- [Problem details] The required output is the exact run of lines below that opens at the line with "Casillo Mehl Casillo" and closes at the line with "Picture of NYX".

- [Information shown]
------

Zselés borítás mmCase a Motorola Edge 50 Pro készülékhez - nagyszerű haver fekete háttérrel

------

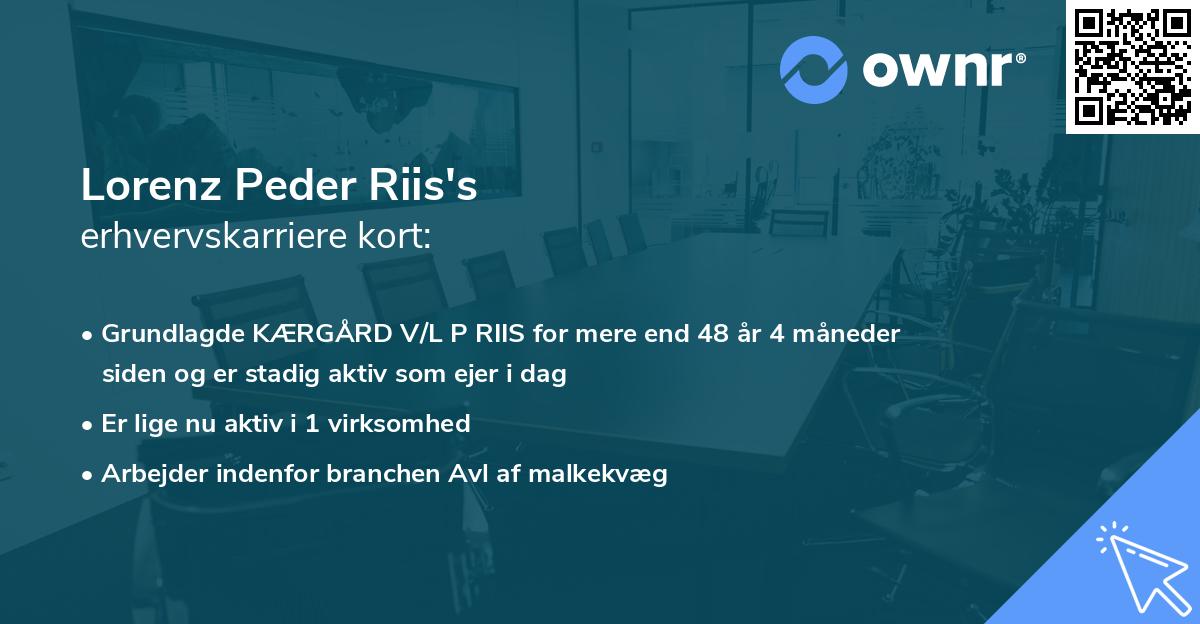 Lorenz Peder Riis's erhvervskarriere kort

------

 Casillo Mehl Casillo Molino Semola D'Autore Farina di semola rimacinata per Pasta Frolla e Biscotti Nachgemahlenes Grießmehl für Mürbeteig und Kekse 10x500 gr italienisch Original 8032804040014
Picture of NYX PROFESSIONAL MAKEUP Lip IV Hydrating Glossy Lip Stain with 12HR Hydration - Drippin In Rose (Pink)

------

- [Answer for this exercise]
 Casillo Mehl Casillo Molino Semola D'Autore Farina di semola rimacinata per Pasta Frolla e Biscotti Nachgemahlenes Grießmehl für Mürbeteig und Kekse 10x500 gr italienisch Original 8032804040014
Picture of NYX PROFESSIONAL MAKEUP Lip IV Hydrating Glossy Lip Stain with 12HR Hydration - Drippin In Rose (Pink)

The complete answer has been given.